The physical structure of the sort mirrors the logic embedded in the Worldport’s silicon, an endless string of if . . . then decisions that methodically moves parcels to their proper can or sack, processed faster than my or any other brain could manage. None of this would be possible without the billions spent on technology. That pays for not only tracking- and-tracing packages but also the GPS transceivers mounted in every aircraft, package car, and eighteen-wheeler, along with the systems that drive the hubs, the phone-book-size PDAs their drivers carry, and many experiments. UPS is test-driving what the FAA hopes will be the next generation of air traffic control, while its drivers are assigned routes daily by arcane algorithms that minimize their left turns, thus saving twenty-eight million miles a year and roughly three million gallons of fuel across its trucking fleet. Another program, named VOLCANO (short for volume, location, and aircraft network optimizer), simultaneously solves for the best flight plans six months out, the best mix of aircraft and equipment ten years out, and how to tackle the perennial Christmas rush the next time around.
The majority of this software resides within the Worldport itself, making twice as many calculations in an hour as the New York Stock Exchange does in a heavy day of trading. UPS is justifiably proud of the machine intelligence now embedded in every belt, puck, and package, which corresponds with its desire to strip as much human intelligence as possible out of the hub, in the name of efficiency. The company’s term for it is “de-skilling,” a tradition that dates back to Henry Ford’s first assembly lines for the Model T. The difference now is that there is a greater fortune to be made in moving goods than in making them.

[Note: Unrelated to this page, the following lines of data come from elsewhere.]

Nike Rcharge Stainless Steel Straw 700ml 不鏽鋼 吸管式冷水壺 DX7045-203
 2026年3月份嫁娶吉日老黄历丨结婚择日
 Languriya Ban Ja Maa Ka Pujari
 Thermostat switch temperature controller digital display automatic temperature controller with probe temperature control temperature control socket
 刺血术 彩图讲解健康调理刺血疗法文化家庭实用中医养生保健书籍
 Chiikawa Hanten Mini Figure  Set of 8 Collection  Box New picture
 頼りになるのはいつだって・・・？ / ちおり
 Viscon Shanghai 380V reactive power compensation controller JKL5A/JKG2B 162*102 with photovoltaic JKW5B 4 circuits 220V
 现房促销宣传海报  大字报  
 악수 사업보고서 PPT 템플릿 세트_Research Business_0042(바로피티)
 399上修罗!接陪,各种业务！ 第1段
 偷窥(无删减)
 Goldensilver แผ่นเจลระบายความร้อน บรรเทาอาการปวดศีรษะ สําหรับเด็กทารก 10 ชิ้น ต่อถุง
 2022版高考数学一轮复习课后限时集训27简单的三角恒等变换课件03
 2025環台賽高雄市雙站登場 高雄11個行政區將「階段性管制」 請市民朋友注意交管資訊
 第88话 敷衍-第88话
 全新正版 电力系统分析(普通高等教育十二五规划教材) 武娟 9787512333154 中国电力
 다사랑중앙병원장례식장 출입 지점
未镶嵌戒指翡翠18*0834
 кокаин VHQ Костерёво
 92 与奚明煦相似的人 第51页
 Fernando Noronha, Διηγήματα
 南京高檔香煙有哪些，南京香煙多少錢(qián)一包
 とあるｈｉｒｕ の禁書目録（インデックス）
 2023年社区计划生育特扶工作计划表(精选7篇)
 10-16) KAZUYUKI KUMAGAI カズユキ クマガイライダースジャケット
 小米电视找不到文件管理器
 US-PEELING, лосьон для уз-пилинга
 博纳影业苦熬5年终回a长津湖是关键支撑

It also means that while UPS employs ten-thousand people nightly in the sort, most are part-time. FedEx, with fifteen thousand in Memphis and thousands more scattered across its domestic hubs, pays the same, and not even the offers of generous benefits and free tuition hide the fact that what they are looking for is a pool of loyal but unskilled labor.
UPS has so thoroughly de-skilled the Worldport that even desert nomads could work there now, and they do. Several hundred members of Somalia’s Bantu tribe have resettled in Louisville in recent years, working mostly in and around the hub. They’re part of a larger influx of immigrants recruited to meet the needs of the companies drawn here. The Bantu’s lack of English (or any form of written language) hasn’t deterred UPS from hiring them.
The Bantu are busy loading cans back onto planes when I emerge from the hub a little before 3:00 a.m. It’s late, and flight dispatchers are already clearing the decks, ordering MD-11s and other West Coast-bound heavies to take off in tandem to the north. Climbing sharply, they soon vanish and take their place among the stars.